- **Task to carry out**:
Line by line, copy the entries exactly, excluding the pictures.
*** Records shown ***
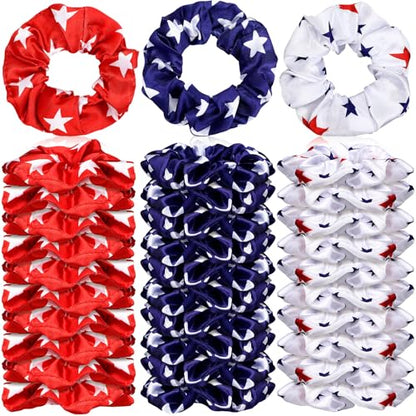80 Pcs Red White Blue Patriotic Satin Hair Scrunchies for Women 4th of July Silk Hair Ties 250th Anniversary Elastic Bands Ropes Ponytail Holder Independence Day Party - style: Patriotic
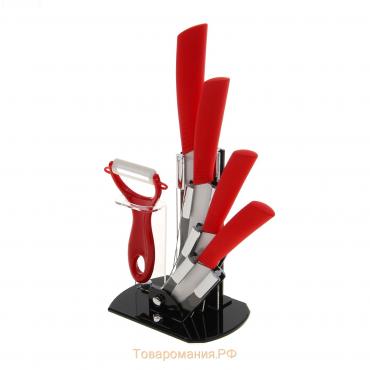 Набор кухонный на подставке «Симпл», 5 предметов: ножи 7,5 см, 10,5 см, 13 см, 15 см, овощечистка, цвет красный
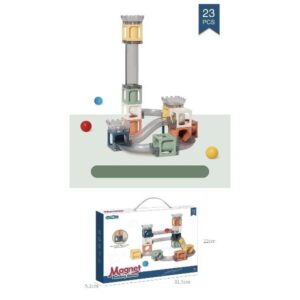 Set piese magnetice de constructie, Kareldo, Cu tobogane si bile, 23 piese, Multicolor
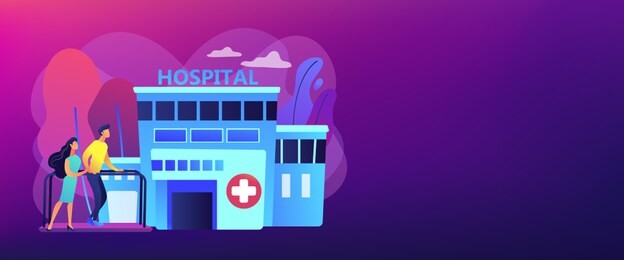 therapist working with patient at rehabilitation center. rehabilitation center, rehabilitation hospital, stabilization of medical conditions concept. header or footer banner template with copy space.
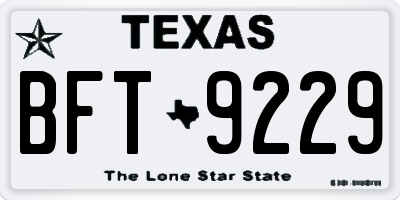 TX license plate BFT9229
*** End of Records shown ***
- **Solution to this problem**:
80 Pcs Red White Blue Patriotic Satin Hair Scrunchies for Women 4th of July Silk Hair Ties 250th Anniversary Elastic Bands Ropes Ponytail Holder Independence Day Party - style: Patriotic
 Набор кухонный на подставке «Симпл», 5 предметов: ножи 7,5 см, 10,5 см, 13 см, 15 см, овощечистка, цвет красный
 Set piese magnetice de constructie, Kareldo, Cu tobogane si bile, 23 piese, Multicolor
 therapist working with patient at rehabilitation center. rehabilitation center, rehabilitation hospital, stabilization of medical conditions concept. header or footer banner template with copy space.
 TX license plate BFT9229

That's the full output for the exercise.